-
betamax
JAA: thank you for keeping on top of the election sites (and sorry for not being more involved)
-
betamax
I see that all the lib dem sites are set to larger delays - I assume this is due to rate limiting?
-
JAA
Yeah, they're all hosted on the same IP and have silly rate limits.
-
JAA
1 request per second is already too much and gets your IP banned (connection refused).
-
JAA
Some others are also slowed down for similar reasons.
-
betamax
there's also ~15 or so that are stuck with a very large delay (e.g: e6t5bxy2xr04kg98svkax7o7r with 300 second delay) - is this due to issues with the underlying pipeline?
-
JAA
Those with a 300001 delay are all dead, see #archivebot just now.
-
JAA
I'll take care of those when I clean it up.
-
JAA
There's also a growing list of sites that need special treatment in some way. Some are LibDem sites we aborted, then there's a bunch of sites that embed another domain via an iframe etc.
-
JAA
And no worries re involvement, you created the list. :-) Hope you don't mind the thousands of highlights in #archivebot though. :-P
-
EggplantN
if required we can always just setup grabsite with a /24? JAA/betamax :)
-
EggplantN
and do the random IP iptables rule
-
JAA
If someone who isn't me does it, sure! :-)
-
betamax
JAA: I cleaned up the list, but it was the hundreds of volunteers through Democracy Club (
democracyclub.org.uk) that did the hard work crowdsourcing the data
-
EggplantN
:P i mean, I can get the box + grab-site configured if you wanna put the jobs into it
-
EggplantN
or just AB them as you are :D
-
JAA
AB is fully automated at this point.
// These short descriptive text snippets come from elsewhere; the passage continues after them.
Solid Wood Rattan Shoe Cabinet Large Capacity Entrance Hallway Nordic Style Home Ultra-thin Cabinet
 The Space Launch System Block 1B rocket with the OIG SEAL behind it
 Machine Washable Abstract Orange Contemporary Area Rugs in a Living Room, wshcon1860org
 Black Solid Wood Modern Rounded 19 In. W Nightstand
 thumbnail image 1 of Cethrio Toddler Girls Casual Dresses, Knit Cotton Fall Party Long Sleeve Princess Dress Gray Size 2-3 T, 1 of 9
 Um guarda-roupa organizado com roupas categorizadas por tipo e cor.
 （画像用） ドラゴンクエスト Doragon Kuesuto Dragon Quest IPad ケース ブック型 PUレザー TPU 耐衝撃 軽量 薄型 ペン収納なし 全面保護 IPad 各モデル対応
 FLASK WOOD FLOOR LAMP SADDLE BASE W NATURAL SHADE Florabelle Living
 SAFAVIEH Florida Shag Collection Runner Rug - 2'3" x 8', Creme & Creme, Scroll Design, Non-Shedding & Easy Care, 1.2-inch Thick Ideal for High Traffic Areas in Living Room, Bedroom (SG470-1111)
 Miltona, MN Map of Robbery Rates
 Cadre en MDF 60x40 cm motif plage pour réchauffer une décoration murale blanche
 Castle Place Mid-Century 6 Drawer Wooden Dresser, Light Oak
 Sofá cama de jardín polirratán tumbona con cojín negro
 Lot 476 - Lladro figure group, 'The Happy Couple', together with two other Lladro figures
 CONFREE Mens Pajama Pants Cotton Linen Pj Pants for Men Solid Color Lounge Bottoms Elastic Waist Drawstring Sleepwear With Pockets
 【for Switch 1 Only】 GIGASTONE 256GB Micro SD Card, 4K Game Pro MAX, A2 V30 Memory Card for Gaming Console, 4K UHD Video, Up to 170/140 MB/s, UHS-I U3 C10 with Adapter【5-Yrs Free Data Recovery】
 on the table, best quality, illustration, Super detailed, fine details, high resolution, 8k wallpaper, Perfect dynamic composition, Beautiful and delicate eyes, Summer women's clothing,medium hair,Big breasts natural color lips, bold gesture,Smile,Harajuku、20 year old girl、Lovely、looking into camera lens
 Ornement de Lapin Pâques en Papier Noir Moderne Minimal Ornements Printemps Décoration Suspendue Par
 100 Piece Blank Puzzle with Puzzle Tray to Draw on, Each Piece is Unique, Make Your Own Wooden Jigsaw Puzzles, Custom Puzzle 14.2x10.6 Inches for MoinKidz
So if I can throw a list of domains somewhere, that's fine with me. I don't really want to have to set up uploads, add ignores manually, etc.
-
EggplantN
Fair enough ;)
-
JAA
I occasionally go through to see if a job's running wild and check the list of finished jobs to see which ones went wrong. Otherwise, it's automatic.
-
betamax
I didn't mean for this to be such a big project - I (naively) thought it would be straightforward :)
-
JAA
:-)
-
EggplantN
It's a great idea for a long running project and it falls into the same category as another one i mentioned to JAA recently. It would be best looking into creating a specific tool for these projects. I'll have a brainstorm one night
-
JAA
Aye
-
JAA
Gov sites as well. A few found their way into this list, and it's amazing how much stuff on them has never been archived before.
-
JAA
One was retrieving thousands of PDFs, and only like a hundred were in the WBM.
-
betamax
Yeah. I tried to do my own thing for the US 2018 midterm elections (archiving candidate sites) and ran into complexity issues prety quickly. I ended up attempting to archive each site using wget with warc output, then aborting and keeping the partial archive if it took longer than 5 or so minutes, but that isn't a very good technique :D
-
betamax
JAA: it's amazing how much gov / council stuff is just deleted. I've been archiving the UK council webcasts for about a year now (
archive.org/details/public-i-webcast-archive) but a lot is lost forever because webcasts are deleted after a completely arbitrary time period
-
betamax
(for that project I pull PDFs / meeting minutes from the local government sites if they've been mentioned in the metadata for the webcast)
-
JAA
Yeah
-
Ryz
Mmm, there always be deleting, it's not just websites that suddenly go poof, no, the more nefarious stuff is stuff deleted while the website still looks alive s:
-
BerndLauert
What's the team's opinion on archiving game modding sites? And porn? I've never seen this being discussed in the archival circles
-
JAA
-
BerndLauert
lol
-
JAA
Porn depends a bit, but game modding absolutely.
-
BerndLauert
there's a degree of overlap there
-
Kaz
we literally grabbed the porn bit of tumblr
-
aarchi
Any one know how frequently Stack Exchange uploads their dumps to IA? Only the most recent is kept, so I can't tell.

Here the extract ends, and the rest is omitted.